From the Echoing Green blog, I was led to this programme on the PBS website. Doctors' Diaries has followed seven Harvard Medical School students over the last 21 years (This is in the same tradition as the Seven Up series, which followed a set of children from the age of 7 years and re-visited them every 7 years after that.)
I have only watched one of the videos: the one following Cheryl Dorsey from her time as a fresh-faced med student. Cheryl Dorsey is now president of Echoing Green, which funds start-up social innovations. In fact, she was an Echoing Green fellow in 1992 for her idea, the Family Van, which was a community-based mobile health unit that provided basic health care and outreach services to at-risk residents of inner-city Boston neighborhoods.
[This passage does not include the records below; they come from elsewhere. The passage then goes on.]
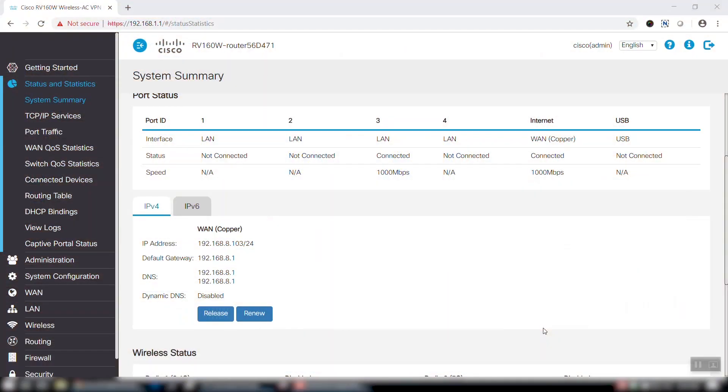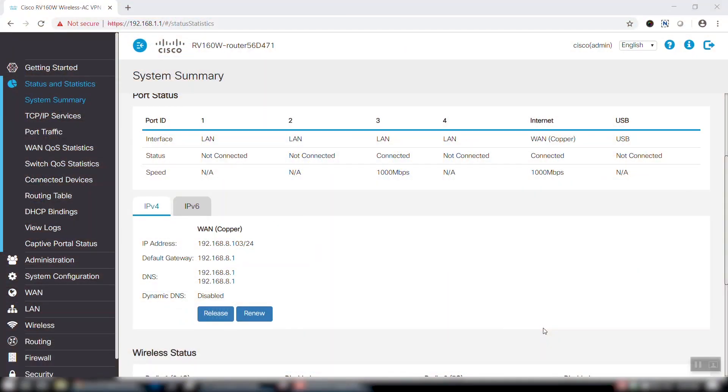To get started, we'll first log in to our router utility. Once we've done that, we can navigate to System Summary under the Status and Statistics tab in the menu on the left-hand side.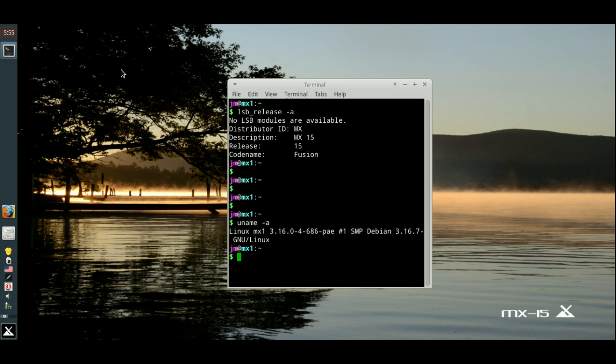But all in all, yeah, throw it on an old computer, do what you want with it. That's about it guys, cheers, hope you've enjoyed.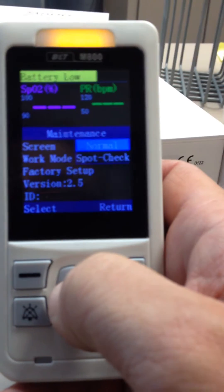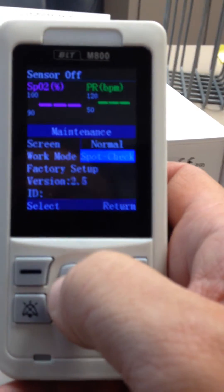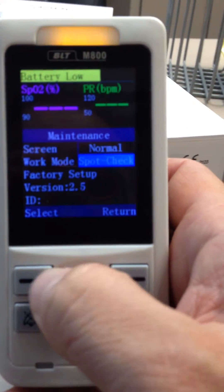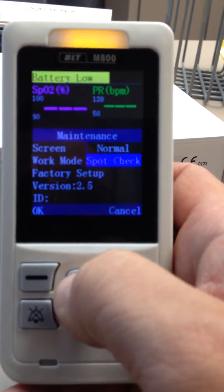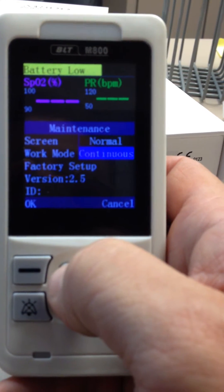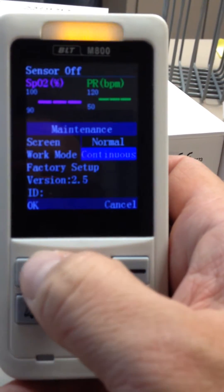The second option is Work Mode. It's currently set to Spot Check. Press Select and change it to Continuous.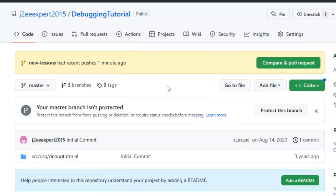So whenever we are trying to push our changes from Eclipse to GitHub there are two ways: personal access token or SSH. Directly using the user ID and password won't work from Eclipse. We have to use either the personal access token or the SSH.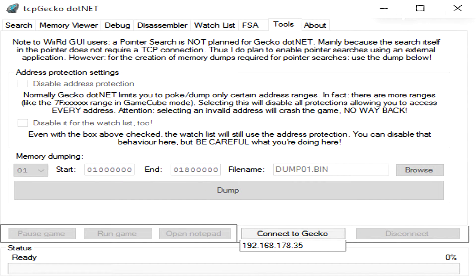Once you found the address immediately switch to the tools tab on tcpgecko.net. There enter the starting address as 1 and 7 zeros and the ending address as something high like 4e and 6 zeros in the case of Mario Kart 8.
It is fascinating for me to see her path veer from an initial plan to specialise in pediatrics to her current position managing one of the biggest social entrepreneurship funding organisations, because I am very interested in learning how people got to do what they are doing now - especially if their current position is polar opposite from their starting point.
2 comments:
yeah, i was looking forward to catching her story this past Tuesday but had a conflict in schedule. i guess i will have to check the website either for rerun dates or how to get copies. these days there are whole blogs, books and website dedicated to alternative pathways for recent med school grads. its takes alot to veer off the well beaten path.
Nneoma, you can watch the first part on the PBS website: http://www.pbs.org/wgbh/nova/doctors/program.html and the 2nd part is on Tuesday, Apr 14.
It does take a lot to make unconventional choices, however I know an increasing number of people doing something very different from what they studied and it's not always because they couldn't get a job in their field of study. I like seeing this type of flexibility and non-linear way of thinking.
What are you studying, btw?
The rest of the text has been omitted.